The last chamber is the fuge. It will be fed by a split from the drain line. The amount of water will be controlled by a valve for slow water movement. I am planning on growing food in that chamber.
 

Cymonous

My Clown Attacks Me
I would not recommend a valve on the drain line at all. It would be best to feed the fuge with a split from the return line with a valve.
 

SammyL

Reefer
If I am readig this correctly the drain is on the far left and flows left to right.
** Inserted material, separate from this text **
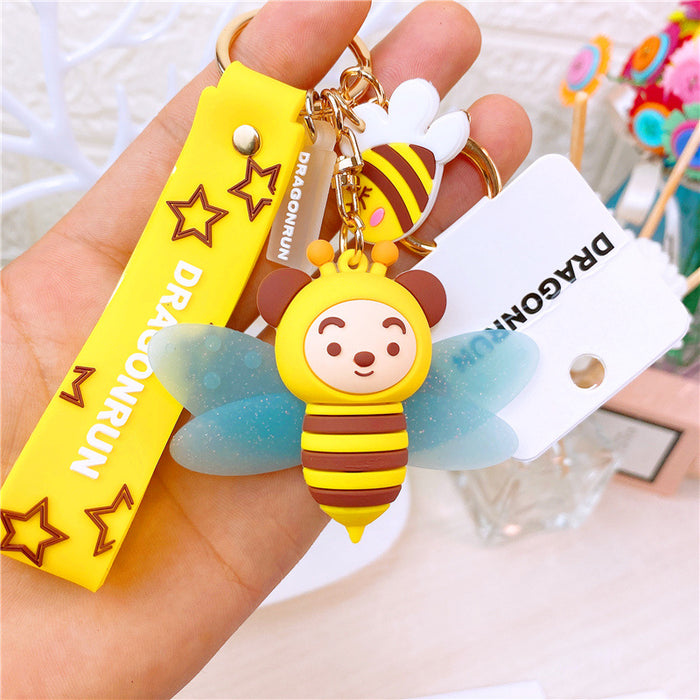 Wholesale cartoon cute bee doll bag bell keychain MOQ≥3 JDC-KC-DeK002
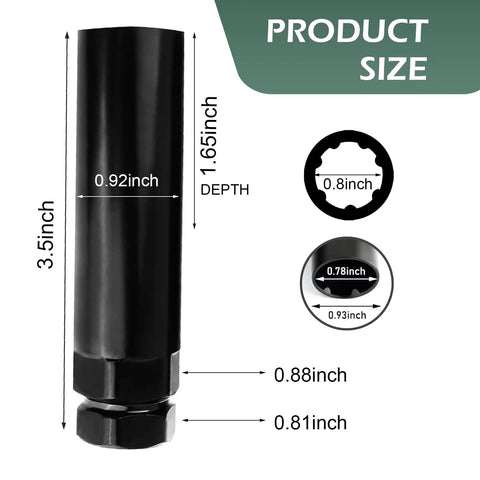 Diagram showing dimensions of Beefy 1 Piece 6 Spline Lug Nut Socket Locking Key For Wheel Locks, 90mm length, black chrome steel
If this is the case, the far right chamber will not raise above 11".

Or am I missing something?
 

BlackTip

New member
If I am readig this correctly the drain is on the far left and flows left to right.

If this is the case, the far right chamber will not raise above 11".

Or am I missing something?

The far right chamber is a fuge and will be fed directly from the drain line.
 

Sk8r

Staff member
RC Mod
Water level in all chambers should be the same. First wall is Overflowing to second chamber, second chamber overflows to third, third UNDER flows (ie gap at bottom) to fourth chamber, which underflows to fifth chamber or some arrangement with at least one underflow in the sequence, which prevents crud from getting to the last chamber, where your pump is. Sump level should be measured in the first place with all pumps off, tank above drained down as much as it can. Restart pumps, mark a fill line on the sump outer wall and never, ever let the sump have water above the fill line. Sump level thus cannot overflow when power is off.
 

xanthurus

New member
Water level in all chambers should be the same.

Why does the water level in all chambers need to be the same? In fact most of the time the return section is lower than all the others. You can have the water level at different heights, you just need to make sure there is enough open space in the sump to handle all the water in case of a power outage.
 

ucdcrew

New member
Your sump is about 100 gallons, a quick volume calculation shows that if your baffle compartments are all full, you'll be around 65 gallons. That leaves you 35 gallons to spare, so it would depend on how much will drain from your tank when the pump is off.

That depends on a few different factors - how much will flow out of your overflow before it stops, and how much will get siphoned from the return line before it breaks siphon.

Additionally - its probably inconsequential, but if you use 0.22 inch thick acrylic for the baffles, that will take out 1.76 inches out of whatever you glue last if you don't account for it.